The development process is as follows. As the developer is conveyed by the developer conveying means 42, which is being rotated (in the direction indicated by an arrow mark Z in the drawing), the developer on the peripheral surface of the developer supply roller 34 is transferred onto the peripheral surface of the development roller 40 as the peripheral surface of the developer supply roller 34, bearing the developer, rubs against the peripheral surface of the development roller 40. As a result, the developer is borne on the peripheral surface of the development roller 40. The developer borne on the peripheral surface of the development roller 40 is brought to the development blade 44 by the rotation of the development roller 40. Then, as the developer on the development roller 40 is moved past the development blade 44 by the rotation of the development roller 40, the developer on the development roller 40 is formed into a thin layer of developer with a predetermined thickness, while being given electrical charge, by the development blade 44. Then, as the development roller 40 is further rotated, this thin layer of developer is brought to the development station, in which the peripheral surfaces of the photosensitive drum 1 and development roller 40 are in contact with each other, and in which the electrostatic latent image on the peripheral surface of the photosensitive drum 1 is developed by the development roller 40 to which bias (DC voltage) is being supplied from the power source E.

The developer remaining on the peripheral surface of the development roller 40 after the development of the latent image is returned to the developer container 45 as the development roller 40 is further rotated.

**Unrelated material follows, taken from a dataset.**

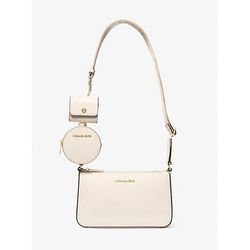 Michael Kors Jet Set Saffiano Leather Crossbody Bag with Case for Apple Airpods Pro Natural One Size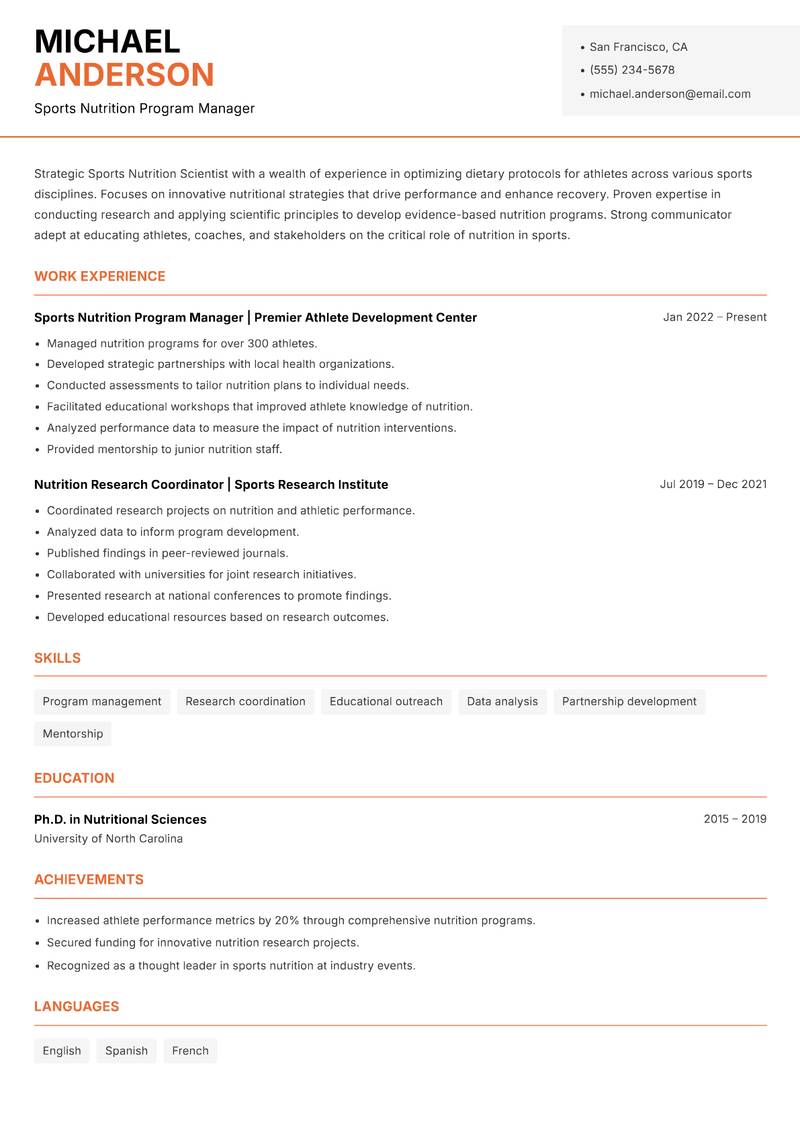 Sports Nutrition Scientist resume sample — Sports Nutrition Program Manager focus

More specifically, it is rubbed away from the peripheral surface of the development roller 40 by the developer supply roller 43, and falls into the developer container 45.

The developer supply roller 43 is an elastic roller comprising a metallic core and a layer of foamed substance, such as sponge or the like.

[Method for Securely Attaching Drum Cleaning Blade 60 to Cleaning Means Frame 61]

Next, referring to FIGS. 6, 7, and 8, the method for securely attaching the cleaning blade 60 to the cleaning means frame 61 will be described. FIGS. 6 and 7 are perspective views of the photosensitive drum unit 6 as seen from the direction indicated by an arrow mark A in FIG. 4. FIG. 6 is an enlarged exploded perspective view of the portion B of the drum unit 6 in FIG. 7, showing the essential components thereof in the separated condition.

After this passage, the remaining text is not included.